I had thought about being a doctor long ago. Nothing really disturbs me, I’ve got the stomach for most of what can be thrown my way, but eight years (or more) of schooling? If there’s one thing I don’t have a huge supply of it, it’s patience.
That’s where games like Amateur Surgeon 3 [Free] come into play, for the armchair surgeon in all of us. Unlike previous iterations of the series, the latest offering from AdultSwim is of the freemium model.
As Dr. Ophelia Payne (she feels your pain), you’re the newcomer to Dr. Alan’s crazy world of medical tomfoolery. Fresh out of school, you’re tasked with performing life and death operations on a variety of interesting characters in various locales, using tools any doctor would use: pizza cutter, chainsaw, lighter, car battery and a vacuum.
After a short but amusing opening sequence, you go to work on your first patient, Alan’s dog, Mister Giblets. The game guides you through the full operation for this one; how to make incisions, how to staple them shut, how to solder them together. Throughout the first couple of operations, you’ll be introduced to the majority of the game mechanics, and from then on out you’re on your own.

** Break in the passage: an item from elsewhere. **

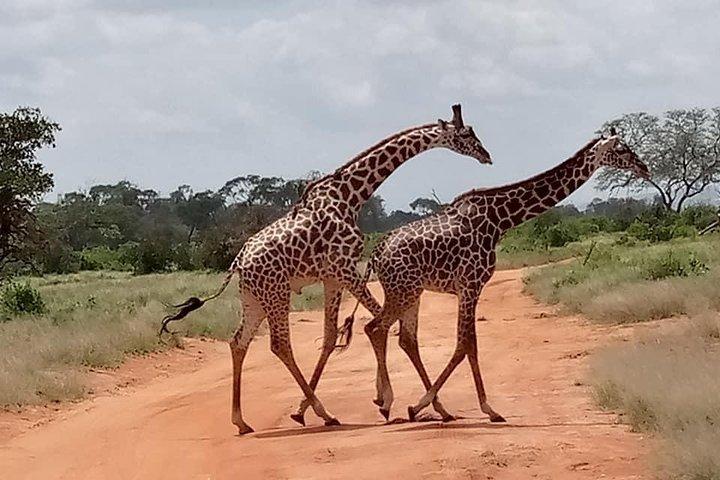 Oplev Kenya-safarier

The graphics have a cutesy but disgusting look, and it’s pretty amusing to see the different characters you’re operating on, whether it’s the dog, a prisoner who has a cement in his lungs, or a guy with fishes stuck in his open wounds. While the game isn’t overly bloody in a gory way, it does have a certain quality to it that may not appeal to some people, and is definitely rated for a mature audience.
At its core, Amateur Surgeon 3 is a three-star game; the better you do, the more stars you earn. While using tools, you accumulate points, which contribute to your final score. By being quick and precise, you gain multipliers; you can tell if you’re on a streak with a quick glance at the top of the screen. Using a tool too fast will result in your patient being injured and losing life, while going to slow may let him die before you’re able to complete the job. The time you have left, as well as the patient’s condition, is also just a quick glance away; if you feel like you’re not going to make it, may as well just slice them with the pizza cutter and enjoy your last few seconds. You also get a bonus that can be used every now and then, depending on who your partner is. For example, if your patient is dying, you can call on Mister Giblets to lick them, which refills their health.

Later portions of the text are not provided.